Gwadar, which is located close to the Makran Trench, last saw a huge earthquake of 8.1 magnitudes in 1945, which triggered a tsunami that battered Iran, Pakistan, Oman and India and killed around 4,000 people. The trench is the meeting point for two tectonic plates.
To prevent such a catastrophe, a team of 40 researchers from China and Pakistan boarded the Experimental 3 vessel for the trench last month and did a 'CT scan' (geological survey) in the region. However, not much is known about the zone, the South China Morning Post reported.
The Gwadar port has been leased to China for 40 years and any potential disaster in the area could undermine Beijing's ambitions to revive the ancient trade route from China through Asia to Africa and Europe.

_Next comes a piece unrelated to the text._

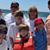 George Fritze's profile image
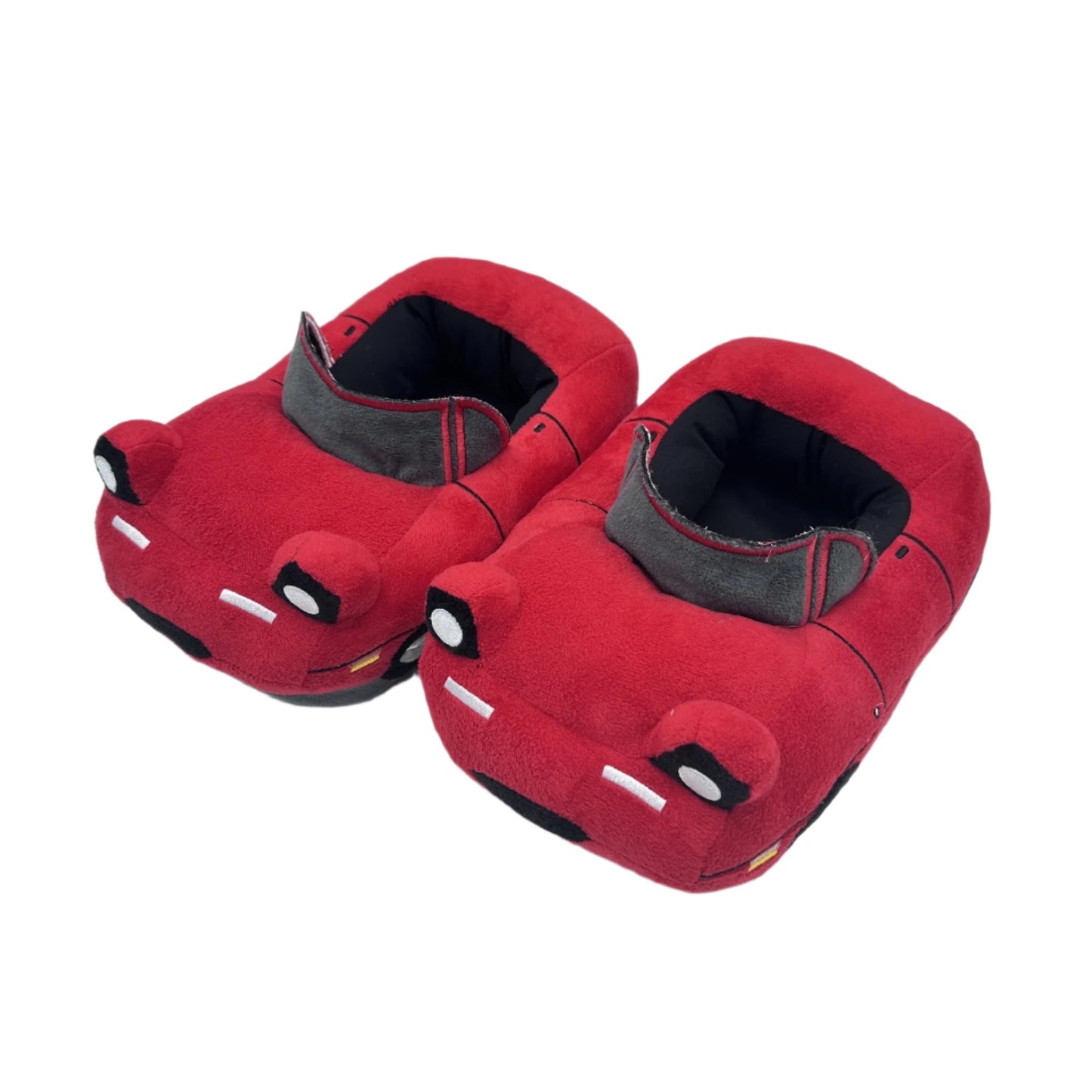 MIATA MX5 SLIPPERS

The CPEC project is also a part of China's 'Belt and Road Initiative', a vast infrastructure and trade programme to project China's infrastructural dominance abroad.
Seismologist Yang Hongfeng, from the Chinese University of Hong Kong, said scientific expeditions in the region were quite rare.

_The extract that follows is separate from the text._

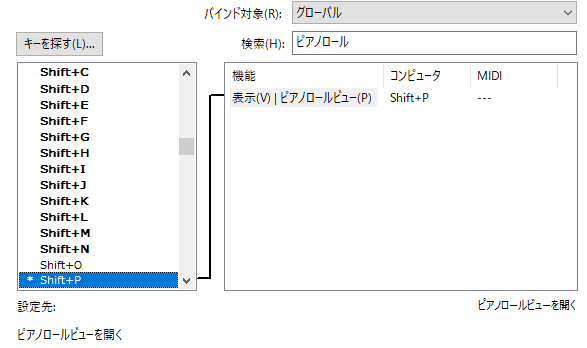 f:id:hatemani:20180526144426p:plain f:id:hatemani:20180526144426p:plain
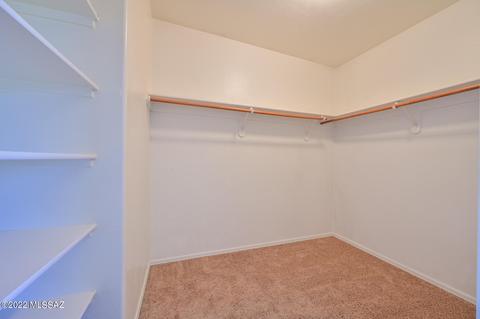 2815 E Vespers Pl, Tucson, AZ 85716 photo 27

"A lot of important scientific questions remain unanswered. The results will definitely advance our understanding, [while] providing critical data to reduce the risk in the region," Yang said.

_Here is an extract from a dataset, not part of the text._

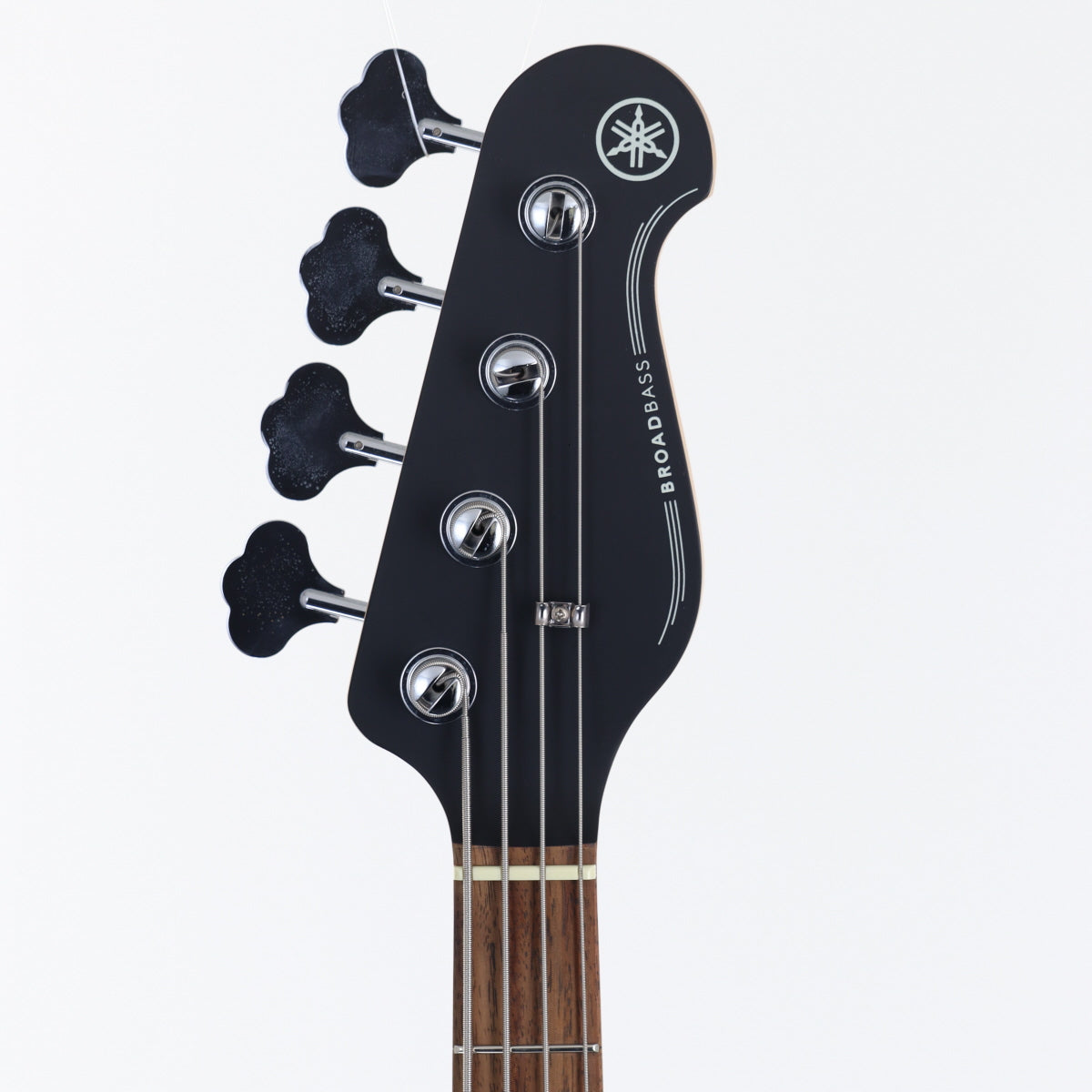 [SN IQP023166] USED YAMAHA Yamaha / BB234 Raspberry Red [20]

The expedition is being done to have a better understanding of the subduction zone. According to scientists, this is quite unusual since it has a thick deposit of soft sediment several kilometres below the Earth.
Asif Inam, the director general of National Institute of Oceanography (NIO) said, "The expedition is a joint effort by the South China Sea Institute of Oceanology in Guangzhou and the NIO in Pakistan. It is funded largely by the Chinese government-funded Chinese Academy of Sciences".
"The information and data being collected during the expedition would make a significant contribution to coastal developers and planners," he added.
Meanwhile, the threat of an earthquake or tsunami near Gwadar port is a major concern for both the countries.
"There's a whole lot at stake. The port, if fully developed and operationalised, can be a critical asset for Pakistan, and there's no nation that Pakistan would be more comfortable entrusting it to than its close friend China," Michael Kugelman, said a senior associate for South Asia at the US-based think tank Wilson Centre.
Kugelman said the destructive impact that an earthquake or tsunami could have on the operations of the port should not be overstated, given that actual operations were still limited.
"Still, given issues of proximity and general vulnerability - Pakistan doesn't cope or respond well to natural disasters, given a lack of resources and incapacity - there's certainly reason to believe that intense earthquake activity would pose a clear and present danger to Gwadar," he was quoted as saying in the report.
India is already against the CPEC project since it passes through the disputed Pakistan occupied Kashmir (PoK) region. Reports of China's proposal of building a second overseas military base could create more headache for New Delhi.
"China, India, and Pakistan are on a collision course. This isn't to say we're about to see conflict, but escalations in tensions are highly likely as China steps up its activities in the region, and particularly in Pakistan", Kugelman said.